**Directions for this task:** With the pictures excluded, reproduce all of the data exactly.

════

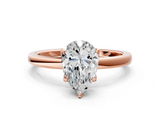 Rose gold Pear Solitaire Diamond Ring with Thin Band and Four-Prong Setting_3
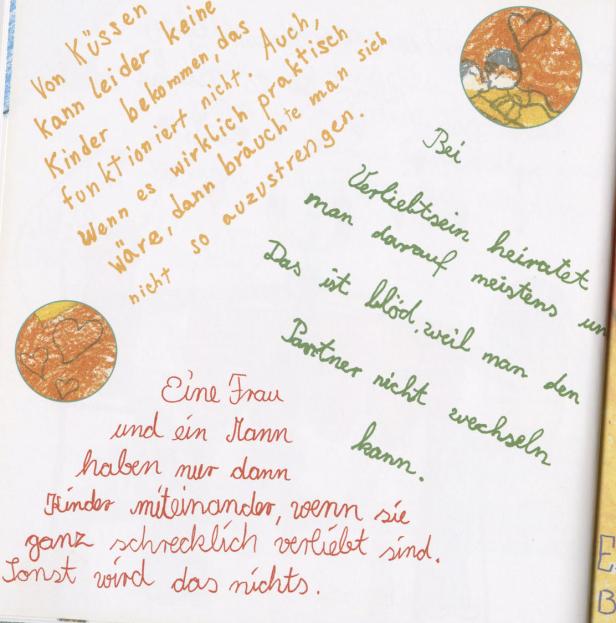 Ein Blatt Papier mit verschiedenen handschriftlichen Texten über Liebe und Beziehungen.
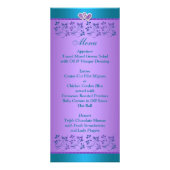 Paars, Turquoise Floral Hearts Wedding Menu (Achterkant)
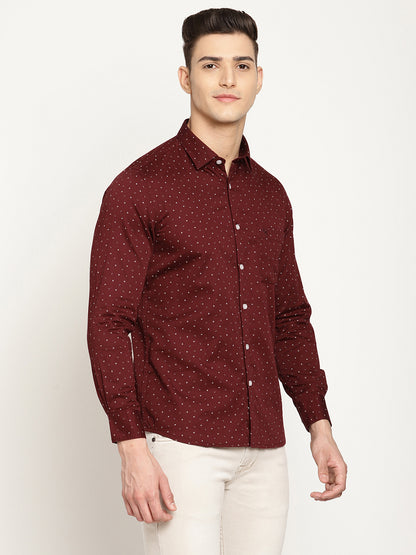 Cantabil Cotton Printed Maroon Full Sleeve Casual Shirt for Men with Pocket (6831075917963)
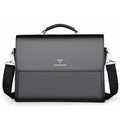 Sarah Express Professional Horizontal Leather Business Briefcase Black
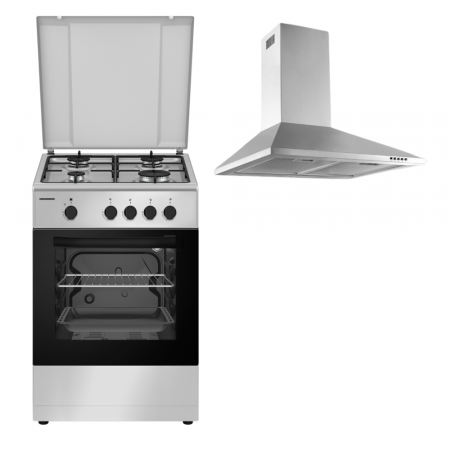 Aragazuri si plite - Pachet - Aragaz pe gaz + GPL Heinner HFSC-SME50SL, 50X50 cm, dispozitiv de siguranta plita si cuptor + Hota decorativa Heinner DCH-450X, putere de absorbtie 429.4 mc/h, Iluminare LED, 60 cm, Inox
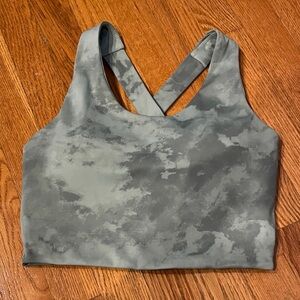 Sage green longline Racerback Sports Bra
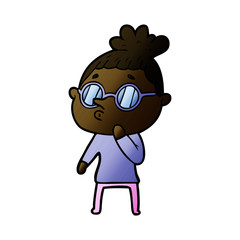 cartoon woman wearing glasses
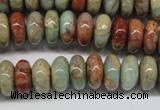 CNS74 15.5 inches 6*12mm rondelle natural serpentine jasper beads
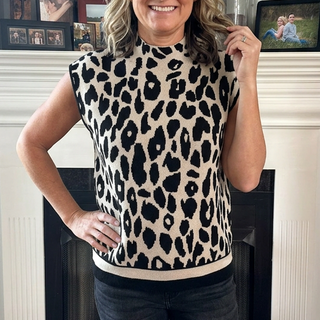Black Leopard High Neck Short Sleeve Sweater Final Sale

════

**Solved problem:**
 Rose gold Pear Solitaire Diamond Ring with Thin Band and Four-Prong Setting_3
 Ein Blatt Papier mit verschiedenen handschriftlichen Texten über Liebe und Beziehungen.
 Paars, Turquoise Floral Hearts Wedding Menu (Achterkant)
 Cantabil Cotton Printed Maroon Full Sleeve Casual Shirt for Men with Pocket (6831075917963)
 Sarah Express Professional Horizontal Leather Business Briefcase Black
 Aragazuri si plite - Pachet - Aragaz pe gaz + GPL Heinner HFSC-SME50SL, 50X50 cm, dispozitiv de siguranta plita si cuptor + Hota decorativa Heinner DCH-450X, putere de absorbtie 429.4 mc/h, Iluminare LED, 60 cm, Inox
 Sage green longline Racerback Sports Bra
 cartoon woman wearing glasses
 CNS74 15.5 inches 6*12mm rondelle natural serpentine jasper beads
Black Leopard High Neck Short Sleeve Sweater Final Sale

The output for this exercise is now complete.